Les Chemins de fer rhétiques, en allemand Rhätische Bahn (RhB), en italien Ferrovia Retica (FR) et en romanche Viafier Retica (VR), sont une société anonyme appartenant à 51 % au canton des Grisons, 43 % à la confédération et à 6 % à des communes ou privés[17]. Ils furent créés en 1898, se substituant à la Société Anonyme des chemins de fer à voie étroite Landquart - Davos (LD), créée en 1888 par Willem-Jan Holsboer[18], et s'occupent maintenant des connexions régionales du canton des Grisons[19]. Troisième entreprise de transport ferroviaire suisse par l'étendue du réseau, elle exploite 384 km de lignes équipées en voie de 1 000 mm. En 2008, les RhB ont transporté 10 654 000 passagers, 813 000 tonnes de marchandises et 436 000 automobiles par trains d'automobiles accompagnées. Basés à Coire, les RhB sont dirigés par Erwin Rutishauser[20]. Ils sont particulièrement connus pour leurs lignes touristiques, telles que le Glacier Express ou encore le Bernina Express et Albula Express, inscrits au patrimoine mondial de l'UNESCO.

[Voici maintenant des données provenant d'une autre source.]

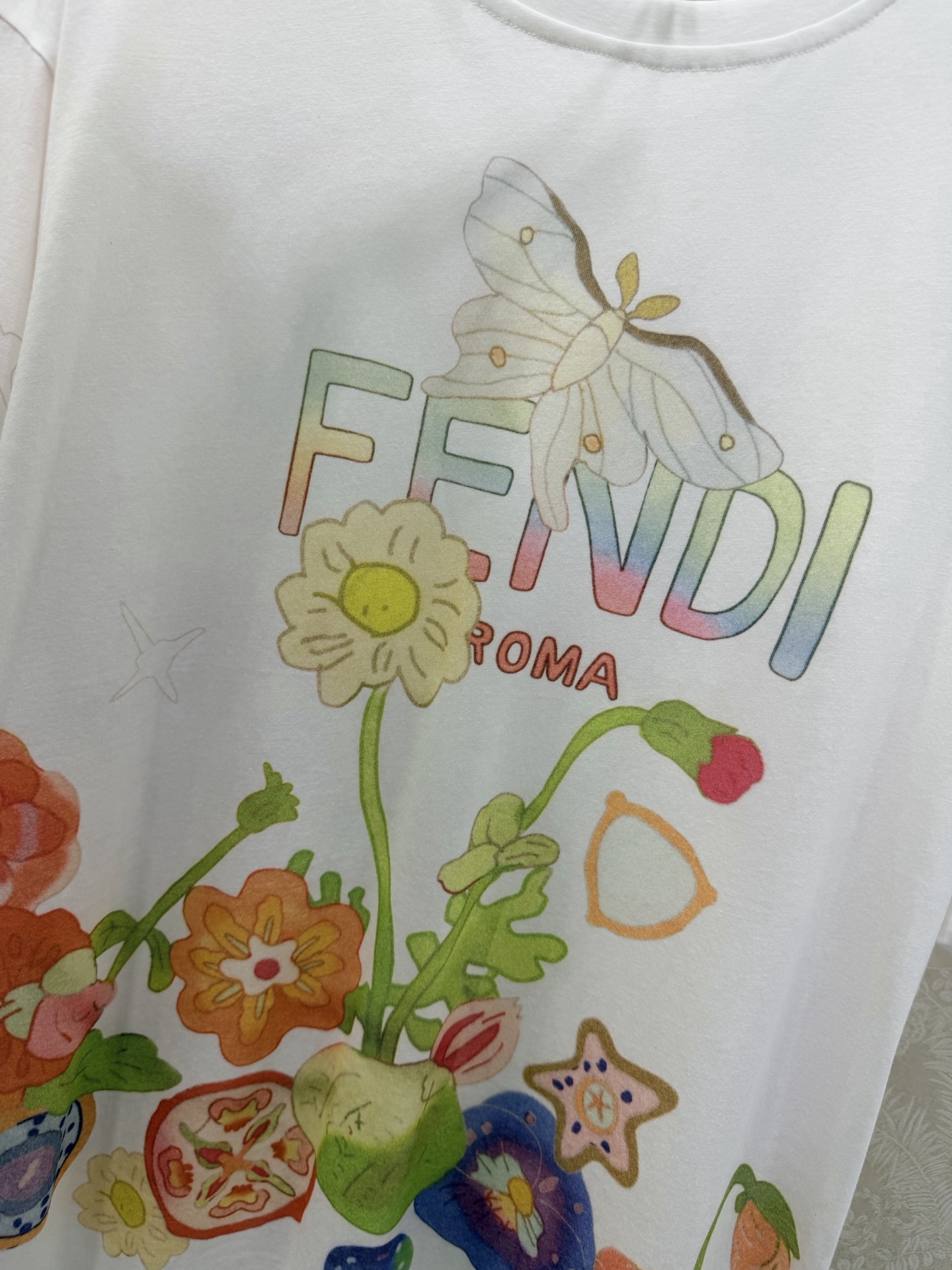 🔥🔥FEND*26FF早春新品短袖T恤，定位花㚏logo印花，浪漫春夏度假风轻盈纯棉面料质感柔软舒适，时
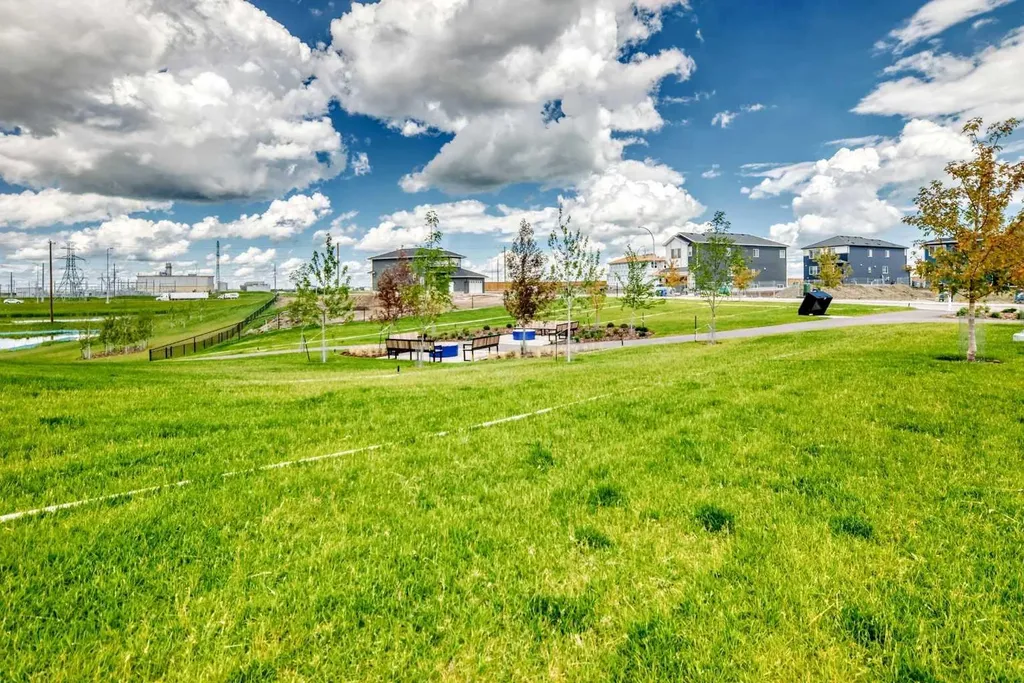 171 Corner Glen Grove NE Calgary AB T3N 2S3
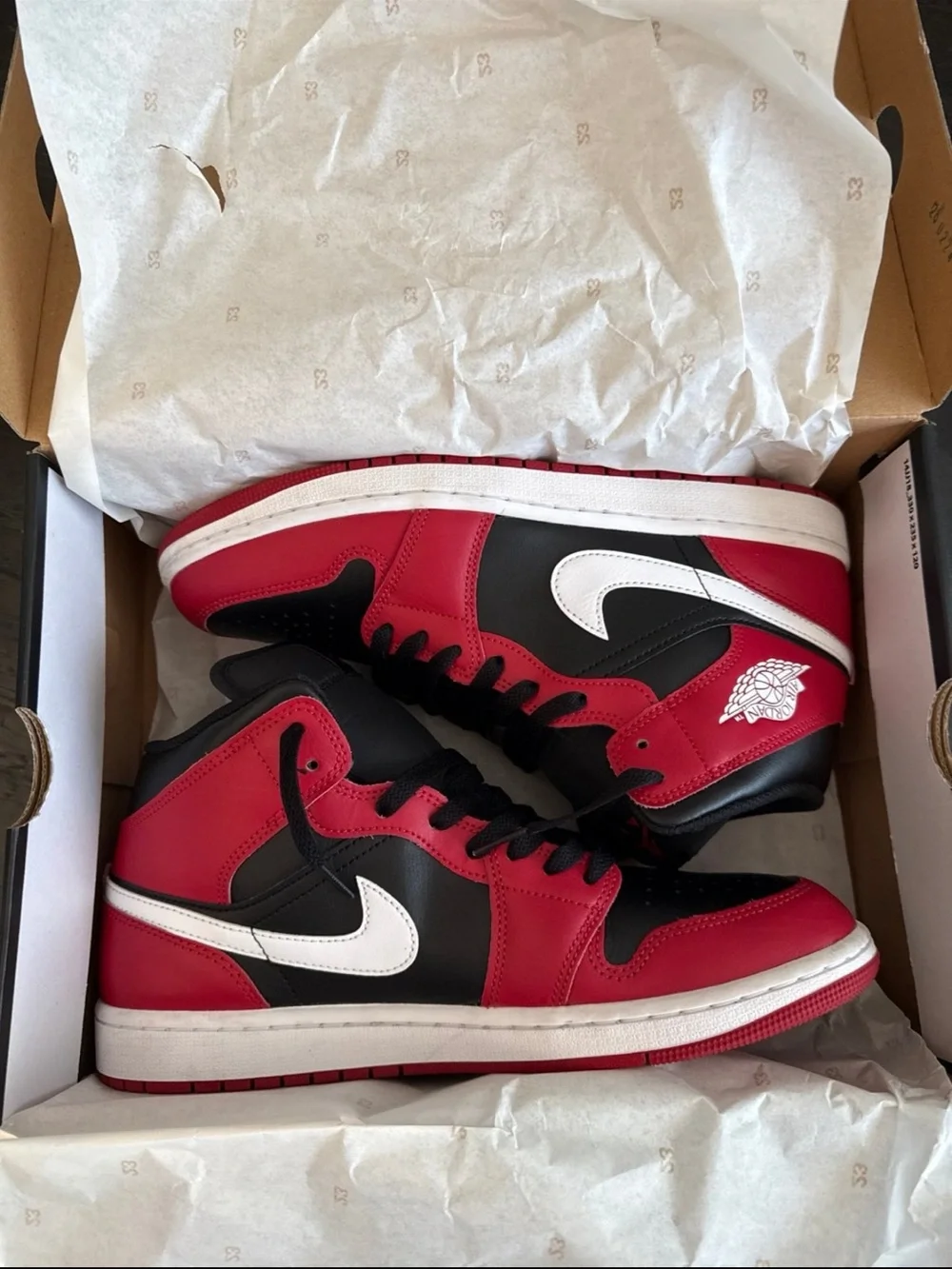 Jordan 1 Mid Gym Red Black White. Mens 10.5. pre-owned. Worn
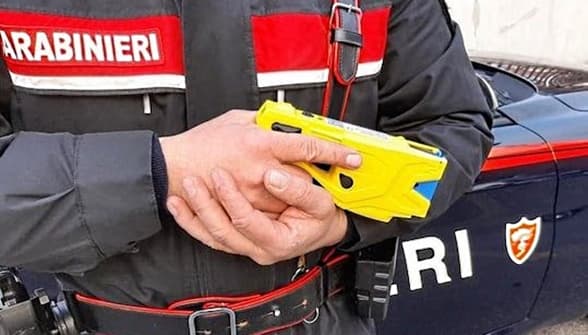 Assale clienti e titolari di un centro ippico poi cerca di accoltellare i carabinieri di Alessandria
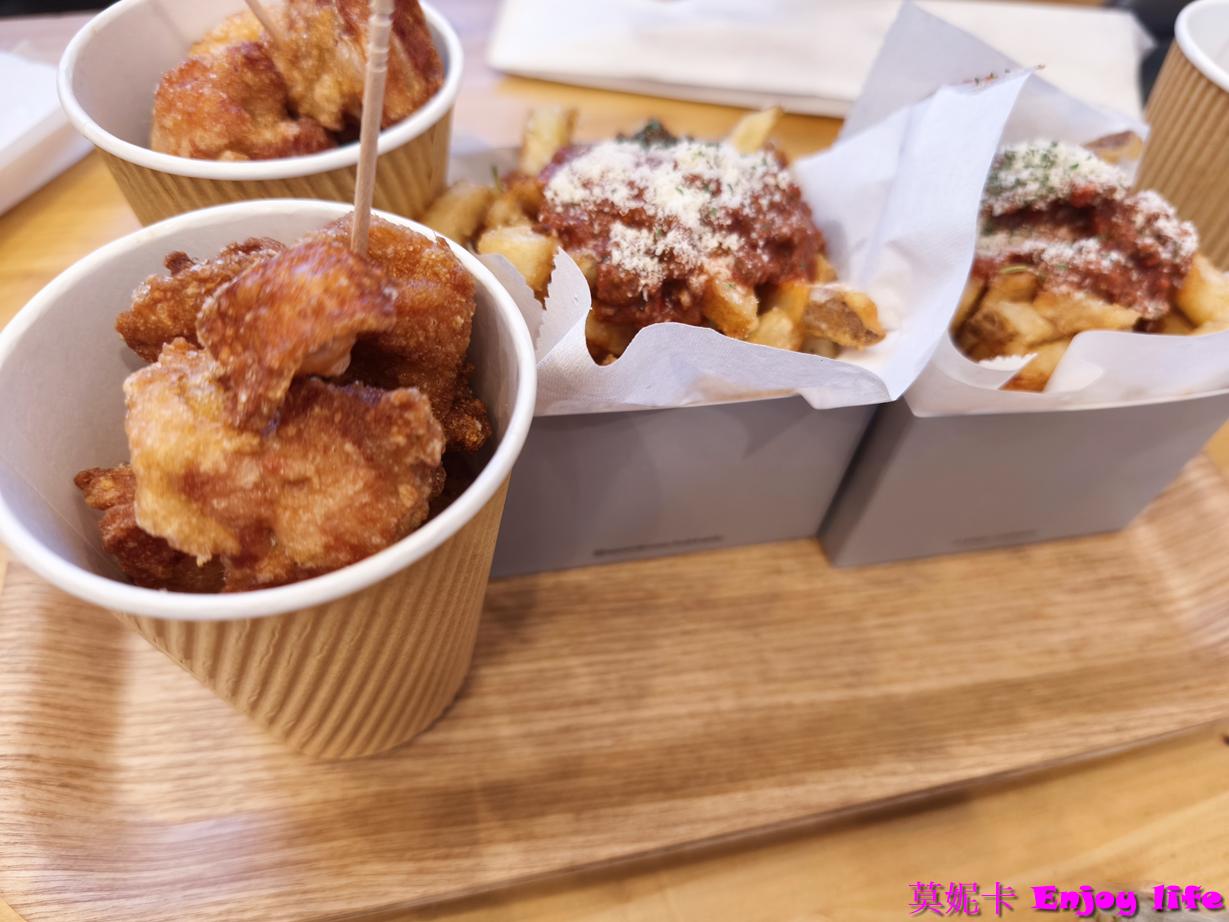 【北海道旭川景點】*旭山動物園*，必看冬季限定企鵝散步，看企鵝遊行攻略及參觀心得!!!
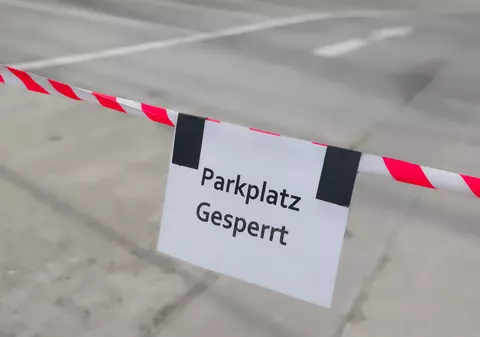 O tânără româncă de 22 de ani, care a acuzat un român că a violat-o, a fost arestată la tribunal, în timp ce povestea ce i-a făcut bărbatul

La première ligne ferroviaire suisse fut construite entre Zurich et Baden et inaugurée le [Wenger 2]. L'inauguration fut fêtée en grande pompe, avec les rues du centre-ville fleuries, des coups de canons, etc. Vers midi le premier train partit de Zurich sur la nouvelle ligne, construite par la compagnie Nordbahn; le train transportait 144 passagers dans quatre voitures, il arriva à Baden en 33 minutes, parcourant les 22 km du parcours avec une moyenne d'environ 40 km/h ; vers 13 h, un autre train partit en sens inverse[21].
Premiers projets
Lors des débuts du chemin de fer en Suisse, le pays ne connaissait pas l'unité politique actuelle; chaque canton était libre de concevoir ses propres normes et de financer des lignes ou d'offrir des concessions sans l'aval des autorités fédérales. Cette division importante du territoire ne permettait pas une expansion contrôlée du réseau. C'est en partie pour ces raisons que la diète (nom du parlement d'époque) accepta la constitution de 1848, qui permit à la Confédération d'« ordonner à ses frais ou encourager par des subsides les travaux publics qui intéressent la Suisse ou une partie considérable du pays. À cette fin, elle peut ordonner l'expropriation moyennant une juste indemnité »[22]. Avec ceci le conseil fédéral reçut en 1849 le mandat de faire un plan de réseau général des chemins de fer suisse, dessiné par des experts impartiaux, ainsi que l'autorisation d'octroyer des concessions lorsque la construction se ferait en mains privées. Un comité d'étude fut nommé pour étudier un futur plan de construction général bénéficiant à l'ensemble du pays; en 1851 fut alors présenté un projet, celui-ci mentionnait alors la construction d'une ligne partant de Genève jusqu'à Romanshorn, passant par Yverdon-les-Bains, Soleure, Zurich et Winterthour, avec des embranchements pour Berne, Bâle, Lucerne et Schaffhouse, et un tronçon Biasca - Locarno. Ce plan de développement ne fut pas accepté par le conseil national, qui décida finalement de laisser aux cantons le droit d'octroyer les permis de construire à partir de 1852[Wenger 3].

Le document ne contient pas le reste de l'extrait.